The character Edie Britt was a series regular for the first 5 seasons, despite originally being conceived as a recurring character. Actress Nicollette Sheridan, who originally auditioned for Bree Van de Kamp, one of the series' more prominent roles, was cast in the role in February 2004. On August 11, Sheridan was announced to have joined the main cast for the series' first season, the thirteenth regular cast member to do so. Despite proving popular with fans and critics, Sheridan's role remained somewhat minimal in the series' first two seasons. Series creator Marc Cherry insisted that Edie served "only as a spoiler to complicate the other women's lives." Although Sheridan thought of Edie as the fifth main housewife—in addition to Susan Mayer, Bree Van De Kamp, Lynette Scavo, and Gabrielle Solis—the opening credits only pictured the other four women. Additionally, Cherry shared that his goal was to have the central four women remain in the series.
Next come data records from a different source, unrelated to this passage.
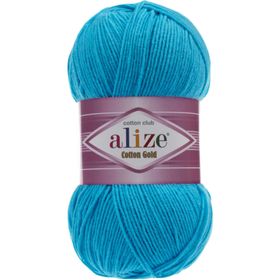 Alize Cotton Gold 16 100 gr Örgü İplik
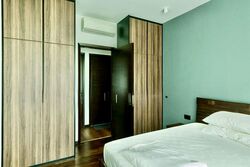 Caribbean At Keppel Bay (D4), Condominium #584489711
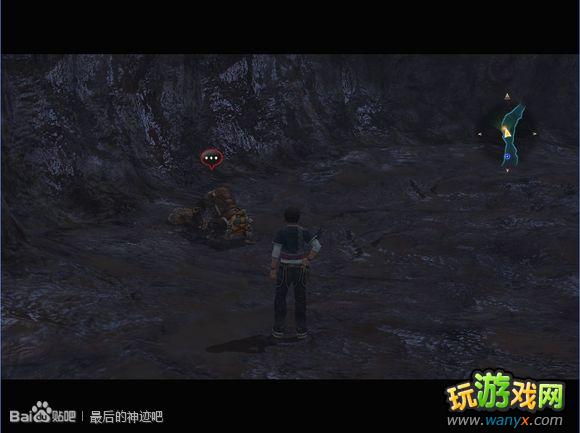 �������񼣡�ͼ����ϸ����һ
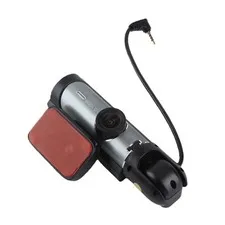 NEW 3.16inch Car Driving Recorder Front Rear Recording Car Dashboard Camera HD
However, Marcia Cross' maternity leave caused Bree to be written out of the later part of the third season. Edie's character was elevated in prominence, providing the fourth concurrent storyline for the episodes. During this time, the character's "layers are peeled away and the character is developed on a deeper level than has been previously explored." Despite Cross' return, Edie maintained a more important role throughout seasons four and five until the character's death.

===Departure===
In February 2009, it was announced that Sheridan would be leaving the show following her character's death, which would involve a car accident and electrical wire. Cherry had confirmed the death of several fan favorites at the beginning of the series' fifth season in September 2008. Rumors of on-set problems with Sheridan and her squabbles with Cherry reportedly led to her departure. Sheridan commented that killing Edie "was a risky decision that could have devastating ramifications," and admitted to feeling ignored by Cherry while on the series. Cherry alleges that the reason behind Edie's death was to cut costs from the series. The series reportedly saved an estimated $100,000 to $200,000 per episode without the cost of Sheridan's salary. In April 2010, Sheridan filed a lawsuit against Cherry, alleging wrongful dismissal and assault and battery, among five other counts. The following June, Sheridan filed an amended claim, clarifying that the alleged assault was a "light tap," but reaffirmed her stance that her contract was wrongfully terminated.

On August 7, 2011, after the announcement that Desperate Housewives would be concluding at the end of its 8th season, Marc Cherry hinted that he may ask Nicollette Sheridan back for the series finale, "to pay homage to everyone who has been on the show", including Edie and without addressing Sheridan's lawsuit. However, while being interviewed on NBC's Today the following day, the actress firmly denied her comeback on Wisteria Lane, saying "That's news to me. [...] I had an amazing time playing that character. I loved her dearly, but they killed her! She's dead."

==Storylines==
===Past===
Edie Britt was born in 1967. Her father left her mother for another woman with a daughter when Edie was 16 years old. Edie has a sister, and brother who died from a drug overdose. When Edie's mother, Ilene (K Callan), got put in prison, the Britt siblings lived with a tough woman, curator Mrs. Muntz, until she was released. As a teenager, Edie spent her time with the "freaks" hanging out by the loading docks, where she would smoke with them. Ilene died when Edie was an adult.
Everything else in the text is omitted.